Потом Бодо замолчал и посмотрел на звезды. Отец уже давно спал на песке, и Хайди сказала:

— Карл Маркс говорил, что немцы опоздали к переделу мира, вот почему немецкий интеллектуал все еще продолжает делить мир в голове, как ты, Бодо.

Хайди рассмеялась, Бодо взял пригоршню песку и пустил его тонкой струйкой сыпаться на голые ноги Хайди.

В Стамбуле Бодо и Хайди подобрали на улице собачонку и назвали ее по имени одного оттоманского султана Муратом. Они хотели взять его с собой в Берлин и купили валерьянки, чтобы пес не лаял на границе. Когда они вернулись в Берлин, они позвонили мне, подозвали турецкую собачонку к аппарату, и она тявкнула мне в ухо.

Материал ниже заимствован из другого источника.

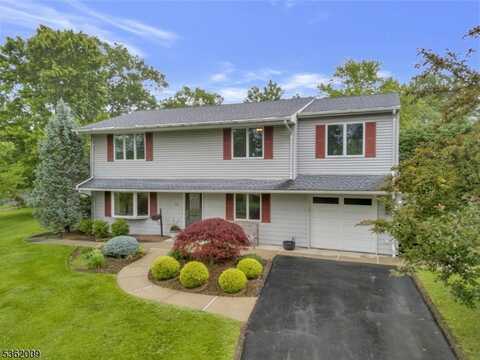 16 Russet Rd, Brunswick Gardens, NJ 08824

Телефон, это было новшество. Когда звонил телефон, моя мать брала трубку как, какая-нибудь киноактриса. Она видела в кино, как разговаривала по телефону Элизабет Тейлор, и подражала ей. Телефон пользовался авторитетом. Если мне звонил кто-нибудь из партии — «Приходи, сегодня ночью встречаем знаменитых коммунистов, которые много лет просидели в тюрьме» — или кто-нибудь из однокурсников — «Приходи сегодня в Институт Гёте, Хайнер Киппхардт выступает», — я говорила матери:

— Я пошла.

— Куда же на ночь-то глядя?

— Мне нужно идти, мне позвонили.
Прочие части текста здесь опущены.